Detail: Bow Wave (watercolour) work in progress
It’s happened again tonight, a delicious madness that ends in tears which merge, often literally, with the paint itself. I find myself on the other side of the room from my easel, not really sure how I got there, heart racing, gulping air and crying out. It sounds painful and in some ways it is, but it’s become a regular and welcome experience in my new work about the sea.
I suppose it could be like drowning, raw and visceral. I think painting the sea means touching the power of it and the cycles of tides and living species submerged in it through a process of examining what it looks and sounds and smells like, what it means, the stories it carries, the stories I carry, and so on.
Then there’s the technical stuff I really love – a flick of masking fluid here, some broad welts of squid-ink there, a fat hogshair brush or a sword-cut sable. I feel like a surgeon under my spotlight, selecting a series of precision tools. I’m slicing in, not knowing what I’ll find, checking I’ve got all the right settings, checking all the records I’ve gathered which culminate in this operation. I’ve painted this wave before but it’s not the wave I’m painting – I’m searching for something in the experience of this bow-wave; it’s not what I set out to do but it’s how I discover whatever it was that subconsciously drew my attention.

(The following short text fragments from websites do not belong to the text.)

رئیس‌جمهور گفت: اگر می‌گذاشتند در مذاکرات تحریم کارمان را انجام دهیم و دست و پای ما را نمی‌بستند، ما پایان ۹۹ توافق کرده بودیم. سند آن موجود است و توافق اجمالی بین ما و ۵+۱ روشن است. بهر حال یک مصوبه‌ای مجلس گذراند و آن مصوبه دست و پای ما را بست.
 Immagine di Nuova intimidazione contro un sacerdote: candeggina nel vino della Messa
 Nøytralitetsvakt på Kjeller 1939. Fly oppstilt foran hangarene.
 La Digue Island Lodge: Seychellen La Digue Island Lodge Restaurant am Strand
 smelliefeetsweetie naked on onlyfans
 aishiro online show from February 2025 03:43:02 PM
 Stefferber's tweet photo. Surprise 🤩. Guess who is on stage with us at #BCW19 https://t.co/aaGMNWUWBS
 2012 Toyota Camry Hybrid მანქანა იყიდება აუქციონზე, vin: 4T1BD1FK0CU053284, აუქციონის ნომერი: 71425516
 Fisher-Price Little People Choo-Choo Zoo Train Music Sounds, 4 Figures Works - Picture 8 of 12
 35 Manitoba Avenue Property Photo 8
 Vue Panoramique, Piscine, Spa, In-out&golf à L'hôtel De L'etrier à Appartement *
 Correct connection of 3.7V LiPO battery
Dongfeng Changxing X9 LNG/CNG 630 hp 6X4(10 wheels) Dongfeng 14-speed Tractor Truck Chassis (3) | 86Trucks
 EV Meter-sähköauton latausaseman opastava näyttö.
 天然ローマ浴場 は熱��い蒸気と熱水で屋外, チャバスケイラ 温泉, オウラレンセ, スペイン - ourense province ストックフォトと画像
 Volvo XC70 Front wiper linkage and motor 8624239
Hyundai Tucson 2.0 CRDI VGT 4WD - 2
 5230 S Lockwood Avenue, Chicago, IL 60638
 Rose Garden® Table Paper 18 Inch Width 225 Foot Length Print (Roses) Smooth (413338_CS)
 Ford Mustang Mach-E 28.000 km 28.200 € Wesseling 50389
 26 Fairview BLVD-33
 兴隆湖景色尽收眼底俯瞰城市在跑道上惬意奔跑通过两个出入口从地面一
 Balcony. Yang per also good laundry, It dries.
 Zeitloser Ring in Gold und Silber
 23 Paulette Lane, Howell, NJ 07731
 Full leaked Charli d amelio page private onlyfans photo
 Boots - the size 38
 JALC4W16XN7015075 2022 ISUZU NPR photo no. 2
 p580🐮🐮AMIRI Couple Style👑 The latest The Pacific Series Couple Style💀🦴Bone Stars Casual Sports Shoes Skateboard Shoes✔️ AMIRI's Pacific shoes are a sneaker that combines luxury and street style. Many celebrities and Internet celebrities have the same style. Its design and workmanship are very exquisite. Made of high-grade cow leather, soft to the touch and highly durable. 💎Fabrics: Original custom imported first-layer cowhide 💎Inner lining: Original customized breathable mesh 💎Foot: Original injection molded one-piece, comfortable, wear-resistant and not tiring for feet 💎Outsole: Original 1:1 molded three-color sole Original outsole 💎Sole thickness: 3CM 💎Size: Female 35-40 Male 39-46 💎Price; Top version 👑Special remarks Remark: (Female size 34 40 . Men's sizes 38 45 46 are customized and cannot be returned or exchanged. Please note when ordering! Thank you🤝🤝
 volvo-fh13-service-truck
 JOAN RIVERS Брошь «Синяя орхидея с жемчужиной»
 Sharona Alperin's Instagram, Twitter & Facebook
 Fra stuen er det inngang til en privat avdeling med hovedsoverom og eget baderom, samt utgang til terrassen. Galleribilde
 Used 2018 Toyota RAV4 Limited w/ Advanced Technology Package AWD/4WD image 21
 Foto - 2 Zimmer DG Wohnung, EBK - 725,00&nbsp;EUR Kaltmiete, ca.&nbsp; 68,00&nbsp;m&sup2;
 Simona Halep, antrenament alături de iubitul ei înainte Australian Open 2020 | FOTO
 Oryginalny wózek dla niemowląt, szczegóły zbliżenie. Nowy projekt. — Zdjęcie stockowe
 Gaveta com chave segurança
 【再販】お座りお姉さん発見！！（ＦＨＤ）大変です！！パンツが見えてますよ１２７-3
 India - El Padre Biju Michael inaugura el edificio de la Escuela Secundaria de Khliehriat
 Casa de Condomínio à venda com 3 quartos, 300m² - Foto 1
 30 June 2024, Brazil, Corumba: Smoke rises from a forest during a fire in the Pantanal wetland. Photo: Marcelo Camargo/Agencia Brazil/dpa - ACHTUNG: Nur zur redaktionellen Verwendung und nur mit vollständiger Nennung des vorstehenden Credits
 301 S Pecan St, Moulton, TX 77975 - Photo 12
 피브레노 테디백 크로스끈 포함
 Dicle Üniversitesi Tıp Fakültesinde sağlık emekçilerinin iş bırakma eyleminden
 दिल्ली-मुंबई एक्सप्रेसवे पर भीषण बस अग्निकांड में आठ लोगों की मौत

The paint runs and merges. I have a new brush, a filbert with whiskers which tickle the thick paper and send little snake tongues of acid yellow into a blend of phthalocyanine, alizarin and paynes grey. Across the lacy swirls of masking fluid it settles into small muddy dots on the surface and with a slap of lamp black the underside of the wave makes its presence known.
At once the feeling is of both power and vulnerability. The lacy spray of seawater/paint catches me unawares and I’m at the mercy of both the sea and the art itself. Against all the complexities of managing daily life this feels elemental and necessary!